Among numerous points raised by the webinar’s participants, the topic of risk factors disclosure requirements emerged as one of the biggest hurdles brought about by the Prospectus Regulation. Issuer-specific risk factors topped the list, with participants also noting that risk factors relating to securities, especially those relating to securities’ programmes, mainly given the uncertain nature of COVID-19 related events.

Another topic of discussion was the new requirements for prospectus publication that came into force with the new regime including documents incorporated by reference and hyperlinks. Seeing the possible blocker that this element of prospectus creation could cause, with the need for a precise, long-life hyperlink to documents incorporated by reference within a prospectus, the conversation highlighted the proactivity and success of LuxSE’s Perma Link Upload Service (PLUS).

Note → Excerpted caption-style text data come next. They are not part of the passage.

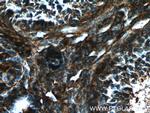 GNAI2 Antibody in Immunohistochemistry (Paraffin) (IHC (P))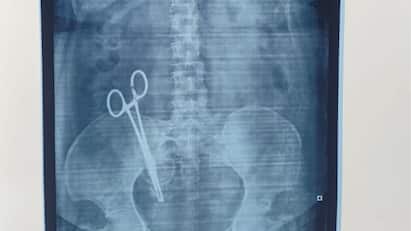 Scissors left in woman’s stomach detected after 17 years Gross medical negligence Scissor in Stomach: இப்படி ஒரு டாக்டரா..! உ.பி., மக்கள் ஷாக், 17 வருடங்களாக வயிற்றில் கத்திரிக்கோல்..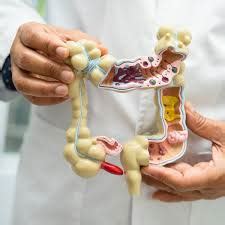 Gut Microbiome Test vs Stool Test: Which Is Better for Gut Imbalance ...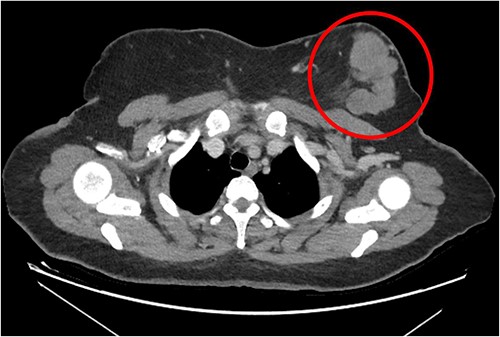 Breast mass seen on baseline CT scan, encircled.
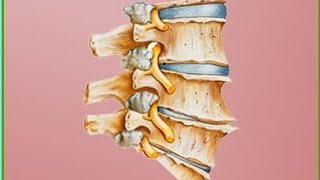 Is Degenerative Disc Disease Is Disease What is this Degenerative Disc Disease And what causes [upl. by Norod]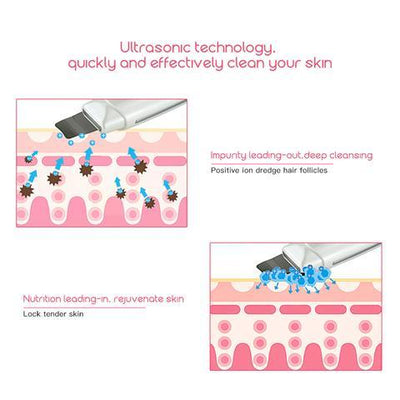 Ultrasonic Skin Scrubber & Facial Cleanser for Blackhead and Acne Removal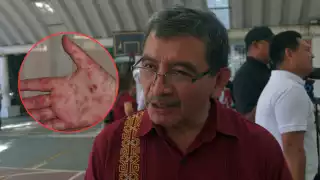 Suspenden clases en comunidades de Calkiní por brote de Coxsackie; 30 niños contagiados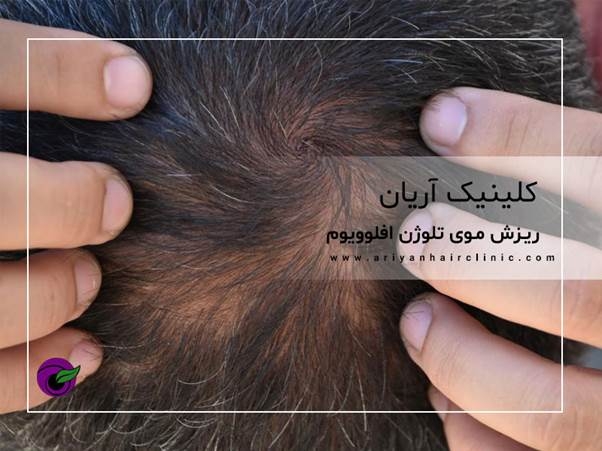 ریزش موی تلوژن افلوویوم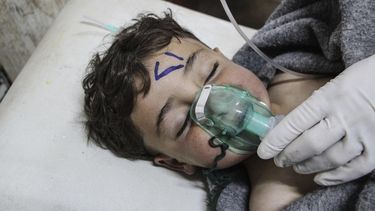 Un niño recibe tratamiento médico tras un supuesto ataque químico contra la localidad de Jan Shijún, en el sur de la provincia septentrional de Idleb.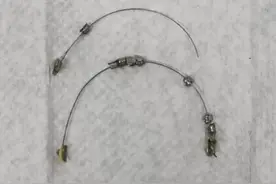 13岁男孩矫牙不成，误吞牙箍弓丝！若穿破胃壁，后果不堪设想图片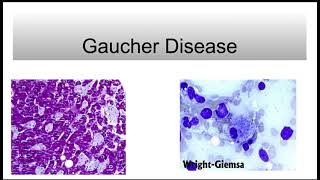 Gaucher Disease [upl. by Ahsinroc]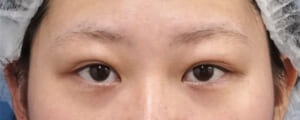 眉下切開+目の上脂肪とり 術前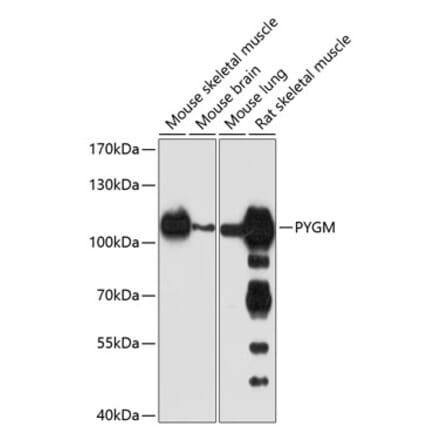 Western Blot - Anti-PYGM Antibody (A16317) - Antibodies.com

PLUS guarantees that issuers have direct hyperlinks, stored on LuxSE databases with a validity of 10+1 years. When outlines of the Prospectus Regulation were first released, many did not realise exactly how precise these hyperlinks needed to be. Therefore, issuers and investors now rely on stock exchanges, such as LuxSE, to aid in the publication of documents under the Prospectus Regulation.


While it was agreed that there is a lot of scope for improvement over the next twelve months, one advantage that was highlighted during the webinar was the fact that programme summaries are no longer needed. This has proven to be hard to get off the ground, with challenges for issuers and legal advisors becoming evident since July of last year.

Will there be room for any “green chapter” under the Prospectus Regulation? This point was raised due to the 2018 European Commission Action Plan on Financing Sustainable Growth, which included a proposal to specify prospectus content for green bond issuances. In the meantime, there were no concrete developments. However, this topic was included in the Public Consultation launched by the European Commission on a Renewed Strategy on Sustainable Finance. Results are expected by end of 2020. It will be interesting to assess what the outcome of this discussion is and the steps forward. 

The conclusion voiced by the webinar’s participants was that while the Prospectus Regulation is not perfect, it is a start in the right direction. While the Prospectus Regulation has not yet brought the ‘level playing field’ that it initially promised, a twelve-month period is not a long enough period of time to allow this uniformity to be created. This has prompted a need to step up harmonisation efforts, and with guidance already being created by market associations such as ICMA, as well as by authorities, such as ESMA, we can expect further dialogue between all market participants and different stakeholders on the matter as the regime continues to gain its footing. 

Although there was no immediate harmonisation, participants were optimistic that a ‘level playing field’ will be achieved once this regime becomes fully familiar to issuers and NCAs. In this context, it was highlighted that the proposals discussed in 2018 and 2019 to transfer some competences from NCAs to ESMA in terms of approval of prospectuses were, and are, not justified. These proposals could have a negative impact on the efficiency of the current prospectus’ approval process, in particular in terms of speed, predictability and costs. 

Last but not the least, a word of concern regarding Brexit and the passporting regime. With the UK’s withdrawal from the European Union, the ability of issuers to passport their prospectuses between the EU27 and the UK will be impacted. This is certainly a point of concern and to be closely monitored.